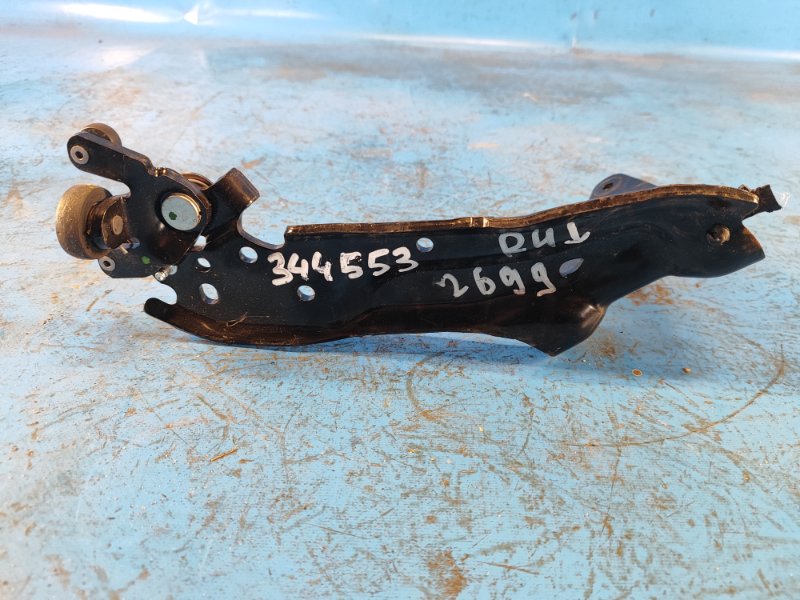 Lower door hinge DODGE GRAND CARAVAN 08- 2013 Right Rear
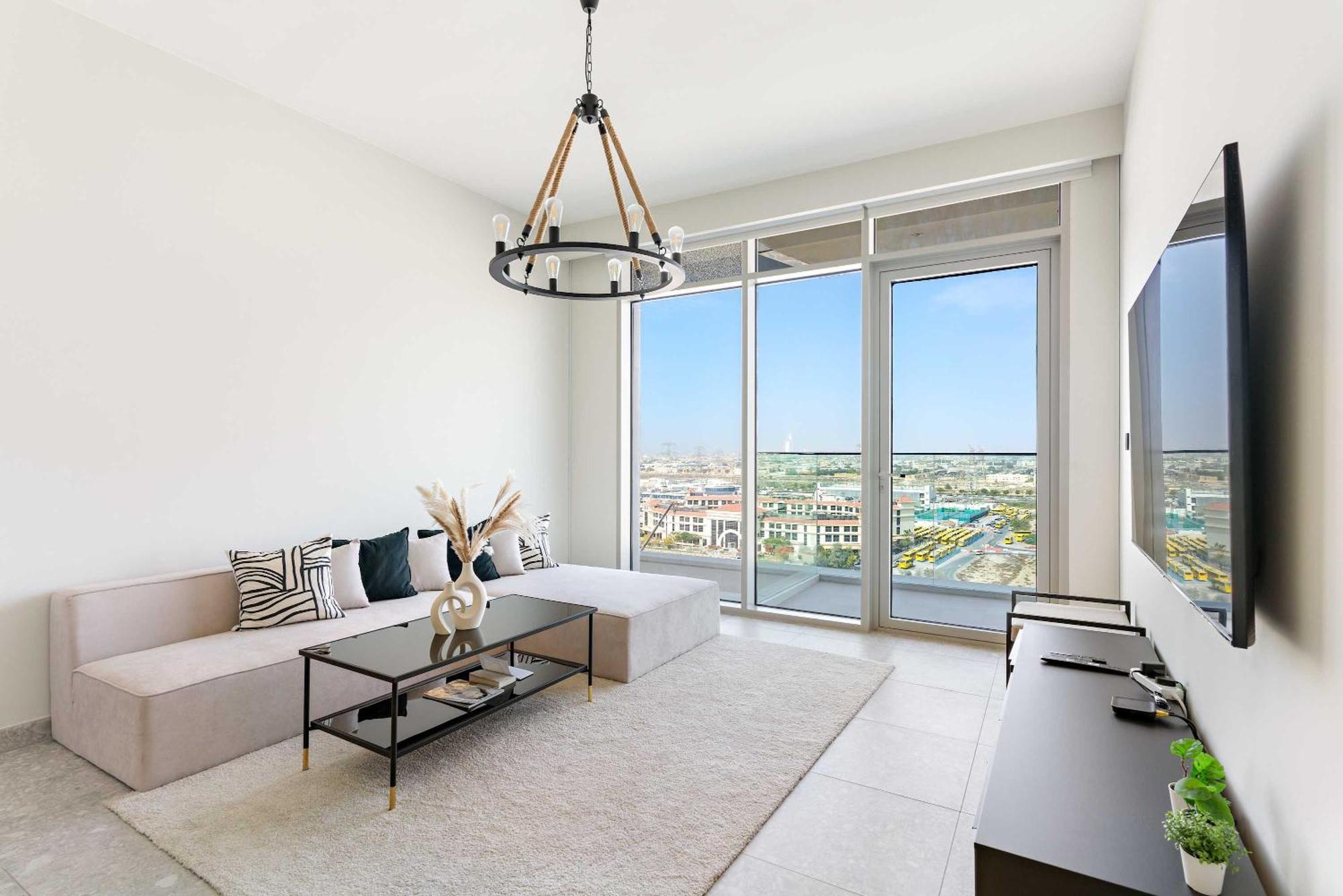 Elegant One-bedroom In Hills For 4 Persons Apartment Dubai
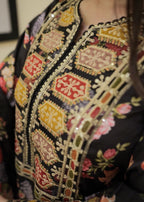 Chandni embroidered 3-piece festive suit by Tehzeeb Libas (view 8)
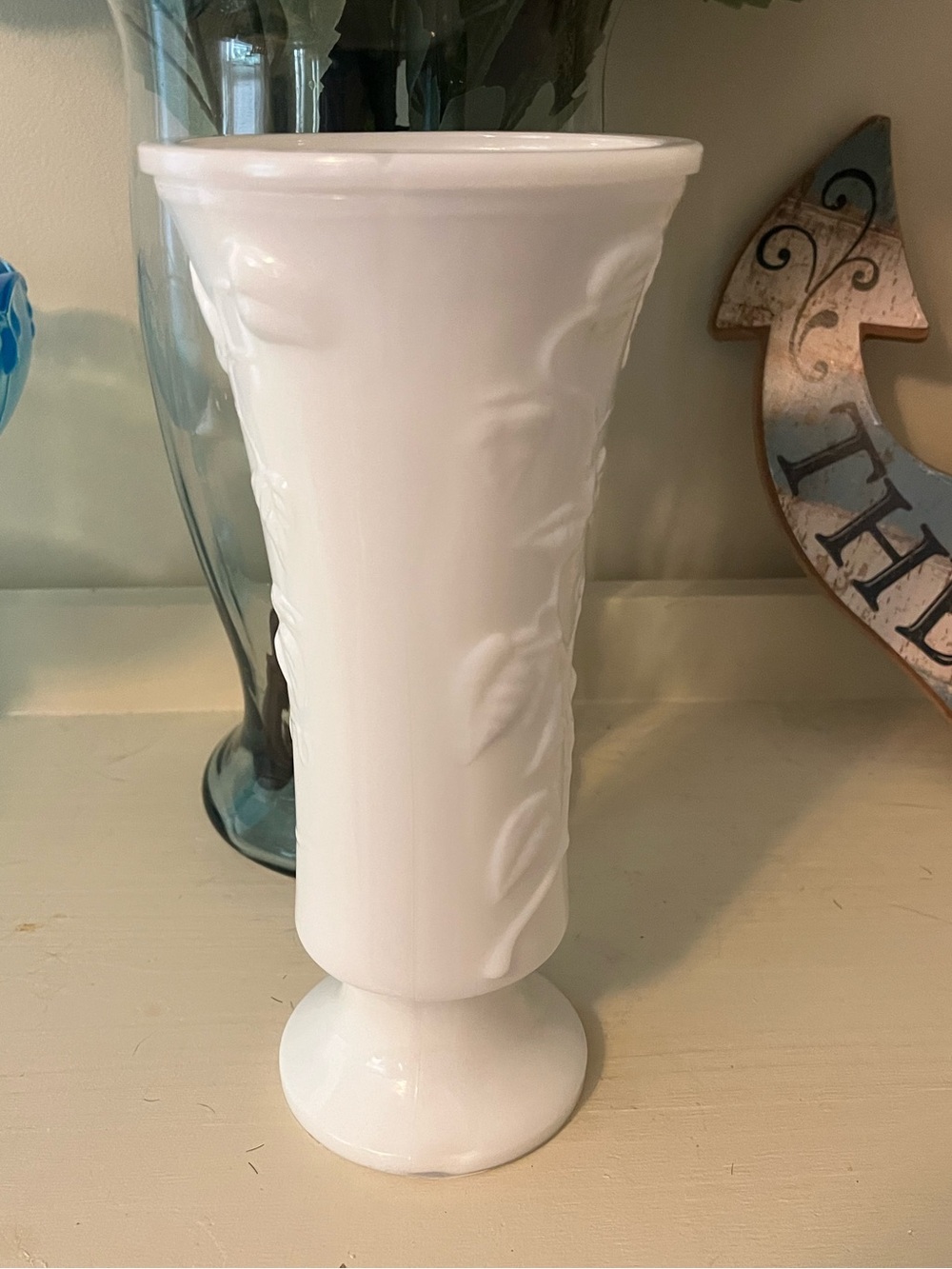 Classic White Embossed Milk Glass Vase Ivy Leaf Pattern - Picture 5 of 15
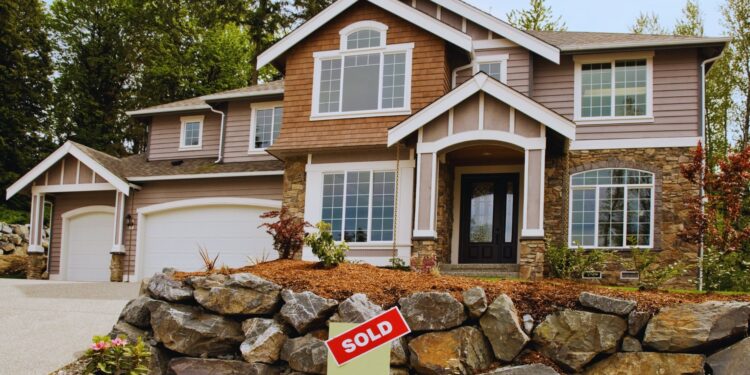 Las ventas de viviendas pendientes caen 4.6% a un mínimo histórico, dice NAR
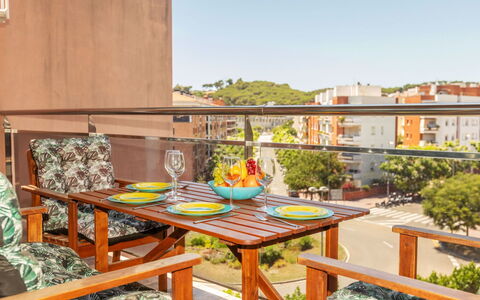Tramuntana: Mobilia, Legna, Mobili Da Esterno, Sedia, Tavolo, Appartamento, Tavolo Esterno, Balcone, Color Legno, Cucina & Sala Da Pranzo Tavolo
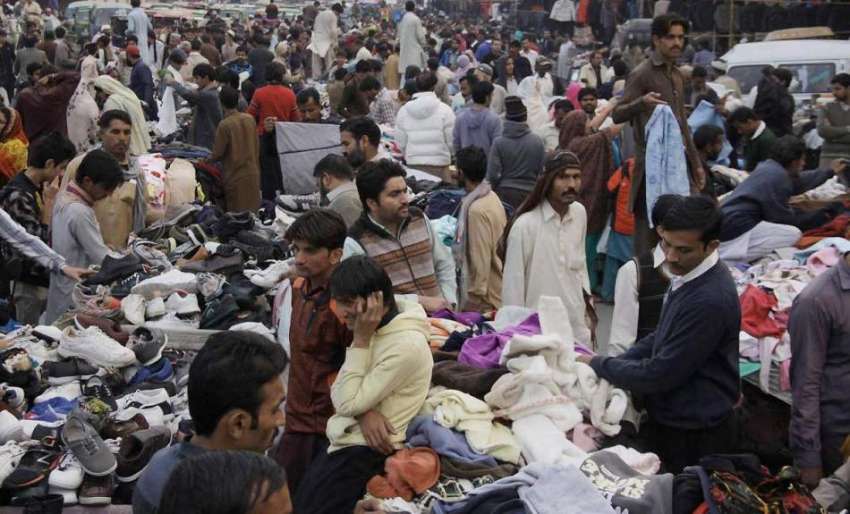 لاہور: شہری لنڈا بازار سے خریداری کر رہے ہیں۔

» **ACTIVITY**: Could every line above be set down exactly, with the pictures omitted?

» **OUTPUT FOR THIS EXERCISE**:
 Lower door hinge DODGE GRAND CARAVAN 08- 2013 Right Rear
 Elegant One-bedroom In Hills For 4 Persons Apartment Dubai
 Chandni embroidered 3-piece festive suit by Tehzeeb Libas (view 8)
 Classic White Embossed Milk Glass Vase Ivy Leaf Pattern - Picture 5 of 15
 Las ventas de viviendas pendientes caen 4.6% a un mínimo histórico, dice NAR
Tramuntana: Mobilia, Legna, Mobili Da Esterno, Sedia, Tavolo, Appartamento, Tavolo Esterno, Balcone, Color Legno, Cucina & Sala Da Pranzo Tavolo
 لاہور: شہری لنڈا بازار سے خریداری کر رہے ہیں۔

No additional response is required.